Exercise aim
Your task is to output the entries below word for word.

(Recorded data)

......

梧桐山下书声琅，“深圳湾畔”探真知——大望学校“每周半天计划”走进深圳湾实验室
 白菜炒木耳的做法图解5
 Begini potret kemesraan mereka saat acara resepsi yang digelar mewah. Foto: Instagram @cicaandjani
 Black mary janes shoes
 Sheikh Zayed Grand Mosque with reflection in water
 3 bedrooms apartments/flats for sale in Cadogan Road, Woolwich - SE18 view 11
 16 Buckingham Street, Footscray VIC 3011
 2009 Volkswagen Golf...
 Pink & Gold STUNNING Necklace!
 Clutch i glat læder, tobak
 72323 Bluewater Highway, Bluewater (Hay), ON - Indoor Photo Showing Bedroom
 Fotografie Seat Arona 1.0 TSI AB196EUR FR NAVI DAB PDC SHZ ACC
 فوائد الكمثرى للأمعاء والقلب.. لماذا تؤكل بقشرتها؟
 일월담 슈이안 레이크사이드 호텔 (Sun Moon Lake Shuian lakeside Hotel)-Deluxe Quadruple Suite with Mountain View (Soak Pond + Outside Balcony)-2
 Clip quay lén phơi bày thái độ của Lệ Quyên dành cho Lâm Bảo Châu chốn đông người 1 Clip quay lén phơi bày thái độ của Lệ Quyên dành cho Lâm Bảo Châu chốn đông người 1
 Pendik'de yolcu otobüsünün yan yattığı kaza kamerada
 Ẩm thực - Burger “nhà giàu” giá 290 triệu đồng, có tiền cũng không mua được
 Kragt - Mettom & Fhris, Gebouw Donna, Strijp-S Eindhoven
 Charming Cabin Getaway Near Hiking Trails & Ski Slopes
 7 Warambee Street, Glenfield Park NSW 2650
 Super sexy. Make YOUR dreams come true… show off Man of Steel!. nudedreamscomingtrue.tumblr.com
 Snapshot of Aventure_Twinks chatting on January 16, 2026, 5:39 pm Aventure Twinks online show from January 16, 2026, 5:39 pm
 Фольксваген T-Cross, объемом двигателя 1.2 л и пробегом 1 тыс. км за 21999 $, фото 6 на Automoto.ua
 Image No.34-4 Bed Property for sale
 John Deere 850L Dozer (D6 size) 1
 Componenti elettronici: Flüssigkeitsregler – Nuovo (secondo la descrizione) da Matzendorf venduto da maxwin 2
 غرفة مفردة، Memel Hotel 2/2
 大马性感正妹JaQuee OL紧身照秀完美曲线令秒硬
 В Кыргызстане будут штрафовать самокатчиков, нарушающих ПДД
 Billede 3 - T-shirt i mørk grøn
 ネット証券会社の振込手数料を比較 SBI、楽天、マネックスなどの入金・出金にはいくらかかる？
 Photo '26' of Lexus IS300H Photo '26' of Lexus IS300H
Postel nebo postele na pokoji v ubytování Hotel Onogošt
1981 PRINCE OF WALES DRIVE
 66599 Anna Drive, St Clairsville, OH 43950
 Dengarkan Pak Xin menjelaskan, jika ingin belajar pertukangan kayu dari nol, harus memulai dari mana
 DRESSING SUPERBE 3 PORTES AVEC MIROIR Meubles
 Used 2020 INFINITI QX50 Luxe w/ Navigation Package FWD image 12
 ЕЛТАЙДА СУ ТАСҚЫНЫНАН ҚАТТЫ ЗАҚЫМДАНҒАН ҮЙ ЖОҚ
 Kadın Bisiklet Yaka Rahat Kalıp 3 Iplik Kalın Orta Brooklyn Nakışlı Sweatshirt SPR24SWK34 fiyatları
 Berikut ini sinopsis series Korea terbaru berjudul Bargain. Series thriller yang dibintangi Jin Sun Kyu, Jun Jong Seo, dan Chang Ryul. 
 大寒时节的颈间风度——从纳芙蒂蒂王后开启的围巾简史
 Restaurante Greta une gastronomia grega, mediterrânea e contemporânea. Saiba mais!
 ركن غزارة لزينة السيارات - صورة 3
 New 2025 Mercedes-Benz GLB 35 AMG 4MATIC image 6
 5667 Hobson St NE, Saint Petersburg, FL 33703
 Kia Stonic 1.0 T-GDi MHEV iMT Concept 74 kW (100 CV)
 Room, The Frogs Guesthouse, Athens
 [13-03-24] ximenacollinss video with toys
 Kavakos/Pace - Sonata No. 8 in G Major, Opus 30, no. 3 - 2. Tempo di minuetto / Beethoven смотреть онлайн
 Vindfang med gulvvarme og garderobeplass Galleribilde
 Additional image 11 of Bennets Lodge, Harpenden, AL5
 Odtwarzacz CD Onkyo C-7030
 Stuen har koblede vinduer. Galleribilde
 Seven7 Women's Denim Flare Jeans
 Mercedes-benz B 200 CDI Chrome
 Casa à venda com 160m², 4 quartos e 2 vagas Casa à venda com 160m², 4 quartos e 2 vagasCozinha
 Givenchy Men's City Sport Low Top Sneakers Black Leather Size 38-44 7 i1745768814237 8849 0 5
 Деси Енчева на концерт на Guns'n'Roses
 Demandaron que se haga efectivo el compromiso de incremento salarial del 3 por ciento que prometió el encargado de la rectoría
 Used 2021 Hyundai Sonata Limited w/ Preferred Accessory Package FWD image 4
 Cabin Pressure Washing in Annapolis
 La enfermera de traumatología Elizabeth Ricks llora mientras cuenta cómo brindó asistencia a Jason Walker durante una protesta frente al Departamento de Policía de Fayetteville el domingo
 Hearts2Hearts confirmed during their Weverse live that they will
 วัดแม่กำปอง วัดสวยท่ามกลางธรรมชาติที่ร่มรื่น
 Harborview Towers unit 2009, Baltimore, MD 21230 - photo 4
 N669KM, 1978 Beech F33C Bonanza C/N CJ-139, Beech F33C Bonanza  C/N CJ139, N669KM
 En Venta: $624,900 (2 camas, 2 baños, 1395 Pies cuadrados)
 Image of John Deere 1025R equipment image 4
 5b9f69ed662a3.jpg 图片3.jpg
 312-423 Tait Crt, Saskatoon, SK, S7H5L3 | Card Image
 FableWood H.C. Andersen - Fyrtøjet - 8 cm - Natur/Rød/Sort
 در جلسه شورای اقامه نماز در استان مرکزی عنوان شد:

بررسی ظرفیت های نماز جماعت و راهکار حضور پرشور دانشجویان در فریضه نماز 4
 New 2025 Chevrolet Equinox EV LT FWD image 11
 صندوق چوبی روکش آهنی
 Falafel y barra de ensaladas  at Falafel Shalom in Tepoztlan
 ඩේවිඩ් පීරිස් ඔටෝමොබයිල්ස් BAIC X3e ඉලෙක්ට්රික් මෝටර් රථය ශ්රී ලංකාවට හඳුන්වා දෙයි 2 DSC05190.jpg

......

Written reply
梧桐山下书声琅，“深圳湾畔”探真知——大望学校“每周半天计划”走进深圳湾实验室
 白菜炒木耳的做法图解5
 Begini potret kemesraan mereka saat acara resepsi yang digelar mewah. Foto: Instagram @cicaandjani
 Black mary janes shoes
 Sheikh Zayed Grand Mosque with reflection in water
 3 bedrooms apartments/flats for sale in Cadogan Road, Woolwich - SE18 view 11
 16 Buckingham Street, Footscray VIC 3011
 2009 Volkswagen Golf...
 Pink & Gold STUNNING Necklace!
 Clutch i glat læder, tobak
 72323 Bluewater Highway, Bluewater (Hay), ON - Indoor Photo Showing Bedroom
 Fotografie Seat Arona 1.0 TSI AB196EUR FR NAVI DAB PDC SHZ ACC
 فوائد الكمثرى للأمعاء والقلب.. لماذا تؤكل بقشرتها؟
 일월담 슈이안 레이크사이드 호텔 (Sun Moon Lake Shuian lakeside Hotel)-Deluxe Quadruple Suite with Mountain View (Soak Pond + Outside Balcony)-2
 Clip quay lén phơi bày thái độ của Lệ Quyên dành cho Lâm Bảo Châu chốn đông người 1 Clip quay lén phơi bày thái độ của Lệ Quyên dành cho Lâm Bảo Châu chốn đông người 1
 Pendik'de yolcu otobüsünün yan yattığı kaza kamerada
 Ẩm thực - Burger “nhà giàu” giá 290 triệu đồng, có tiền cũng không mua được
 Kragt - Mettom & Fhris, Gebouw Donna, Strijp-S Eindhoven
 Charming Cabin Getaway Near Hiking Trails & Ski Slopes
 7 Warambee Street, Glenfield Park NSW 2650
 Super sexy. Make YOUR dreams come true… show off Man of Steel!. nudedreamscomingtrue.tumblr.com
 Snapshot of Aventure_Twinks chatting on January 16, 2026, 5:39 pm Aventure Twinks online show from January 16, 2026, 5:39 pm
 Фольксваген T-Cross, объемом двигателя 1.2 л и пробегом 1 тыс. км за 21999 $, фото 6 на Automoto.ua
 Image No.34-4 Bed Property for sale
 John Deere 850L Dozer (D6 size) 1
 Componenti elettronici: Flüssigkeitsregler – Nuovo (secondo la descrizione) da Matzendorf venduto da maxwin 2
 غرفة مفردة، Memel Hotel 2/2
 大马性感正妹JaQuee OL紧身照秀完美曲线令秒硬
 В Кыргызстане будут штрафовать самокатчиков, нарушающих ПДД
 Billede 3 - T-shirt i mørk grøn
 ネット証券会社の振込手数料を比較 SBI、楽天、マネックスなどの入金・出金にはいくらかかる？
 Photo '26' of Lexus IS300H Photo '26' of Lexus IS300H
Postel nebo postele na pokoji v ubytování Hotel Onogošt
1981 PRINCE OF WALES DRIVE
 66599 Anna Drive, St Clairsville, OH 43950
 Dengarkan Pak Xin menjelaskan, jika ingin belajar pertukangan kayu dari nol, harus memulai dari mana
 DRESSING SUPERBE 3 PORTES AVEC MIROIR Meubles
 Used 2020 INFINITI QX50 Luxe w/ Navigation Package FWD image 12
 ЕЛТАЙДА СУ ТАСҚЫНЫНАН ҚАТТЫ ЗАҚЫМДАНҒАН ҮЙ ЖОҚ
 Kadın Bisiklet Yaka Rahat Kalıp 3 Iplik Kalın Orta Brooklyn Nakışlı Sweatshirt SPR24SWK34 fiyatları
 Berikut ini sinopsis series Korea terbaru berjudul Bargain. Series thriller yang dibintangi Jin Sun Kyu, Jun Jong Seo, dan Chang Ryul. 
 大寒时节的颈间风度——从纳芙蒂蒂王后开启的围巾简史
 Restaurante Greta une gastronomia grega, mediterrânea e contemporânea. Saiba mais!
 ركن غزارة لزينة السيارات - صورة 3
 New 2025 Mercedes-Benz GLB 35 AMG 4MATIC image 6
 5667 Hobson St NE, Saint Petersburg, FL 33703
 Kia Stonic 1.0 T-GDi MHEV iMT Concept 74 kW (100 CV)
 Room, The Frogs Guesthouse, Athens
 [13-03-24] ximenacollinss video with toys
 Kavakos/Pace - Sonata No. 8 in G Major, Opus 30, no. 3 - 2. Tempo di minuetto / Beethoven смотреть онлайн
 Vindfang med gulvvarme og garderobeplass Galleribilde
 Additional image 11 of Bennets Lodge, Harpenden, AL5
 Odtwarzacz CD Onkyo C-7030
 Stuen har koblede vinduer. Galleribilde
 Seven7 Women's Denim Flare Jeans
 Mercedes-benz B 200 CDI Chrome
 Casa à venda com 160m², 4 quartos e 2 vagas Casa à venda com 160m², 4 quartos e 2 vagasCozinha
 Givenchy Men's City Sport Low Top Sneakers Black Leather Size 38-44 7 i1745768814237 8849 0 5
 Деси Енчева на концерт на Guns'n'Roses
 Demandaron que se haga efectivo el compromiso de incremento salarial del 3 por ciento que prometió el encargado de la rectoría
 Used 2021 Hyundai Sonata Limited w/ Preferred Accessory Package FWD image 4
 Cabin Pressure Washing in Annapolis
 La enfermera de traumatología Elizabeth Ricks llora mientras cuenta cómo brindó asistencia a Jason Walker durante una protesta frente al Departamento de Policía de Fayetteville el domingo
 Hearts2Hearts confirmed during their Weverse live that they will
 วัดแม่กำปอง วัดสวยท่ามกลางธรรมชาติที่ร่มรื่น
 Harborview Towers unit 2009, Baltimore, MD 21230 - photo 4
 N669KM, 1978 Beech F33C Bonanza C/N CJ-139, Beech F33C Bonanza  C/N CJ139, N669KM
 En Venta: $624,900 (2 camas, 2 baños, 1395 Pies cuadrados)
 Image of John Deere 1025R equipment image 4
 5b9f69ed662a3.jpg 图片3.jpg
 312-423 Tait Crt, Saskatoon, SK, S7H5L3 | Card Image
 FableWood H.C. Andersen - Fyrtøjet - 8 cm - Natur/Rød/Sort
 در جلسه شورای اقامه نماز در استان مرکزی عنوان شد:

بررسی ظرفیت های نماز جماعت و راهکار حضور پرشور دانشجویان در فریضه نماز 4
 New 2025 Chevrolet Equinox EV LT FWD image 11
 صندوق چوبی روکش آهنی
 Falafel y barra de ensaladas  at Falafel Shalom in Tepoztlan
 ඩේවිඩ් පීරිස් ඔටෝමොබයිල්ස් BAIC X3e ඉලෙක්ට්රික් මෝටර් රථය ශ්රී ලංකාවට හඳුන්වා දෙයි 2 DSC05190.jpg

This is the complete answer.